In a letter addressed to the Christian Jews in Asia minor, the apostle Peter wrote, 'Honor all men; love the brotherhood.' "In these two brief sentences", notes author John R. Gunn, "we find the two basic principles of democracy.

Honor all men - this is what the founders of the American Republic had in mind when they declared that all men are born equal. They were speaking in denial of the old world idea of class distinctions and preferment on the basis of birth. They were challenging the principal of the divine right of Kings - treat every man as a king; give every man a chance; keep the door open so that all, the high and the low, the skilled and the unskilled, shall have equal opportunity. Where this opportunity does not exist, democracy is a sham.

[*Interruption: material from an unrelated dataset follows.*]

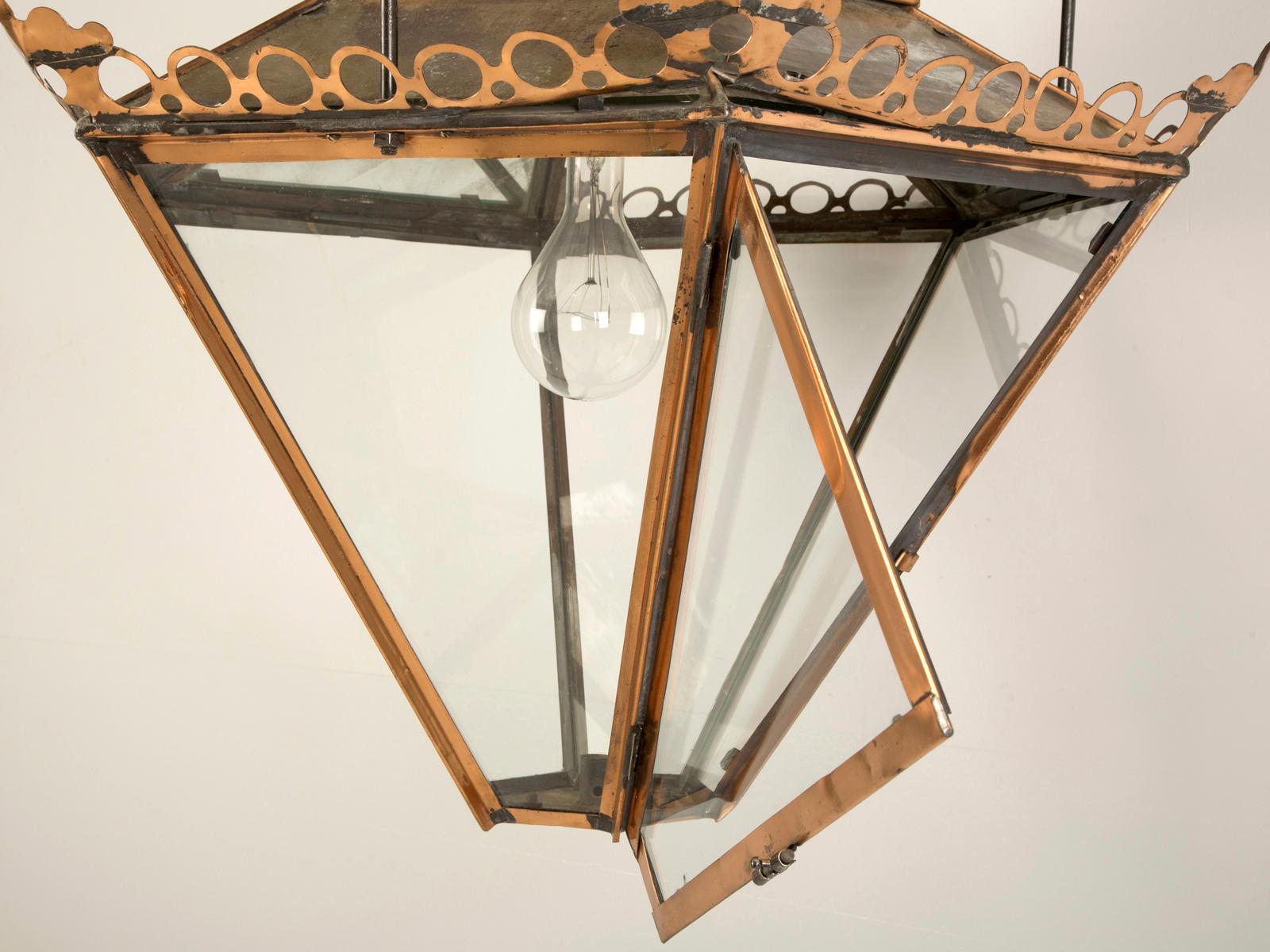 Fin du XIXe siècle Ancienne lanterne anglaise en cuivre, c1800, provenant de la gare de Birmingham (Royaume-Uni)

Love the brotherhood - work together for the good of all. Treat one another as members of a common family. You can't omit love from democracy and make it work - it simply isn't practical. The law of love is the law of nature, as well as the law of God, and is not to be subordinated to any so called law of necessity.

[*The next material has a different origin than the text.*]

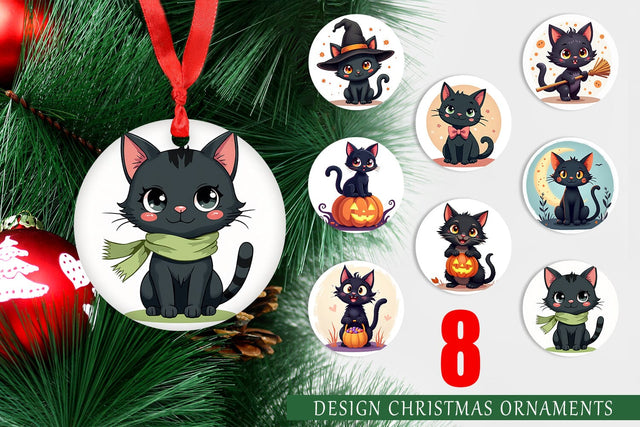 Ornament Black Cats Sublimation artnoy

Democracy is not primarily politics, nor election by a majority. Democracy means that we are united in a social body in which we live together, work together, suffer together, triumph together, perish together - in which we belong to one another. Democracy is the conviction of the worth of ordinary people. The conviction that there will be amazing results from unlikely sources if the doors of opportunity are thrown open wide enough to challenge and inspire all people."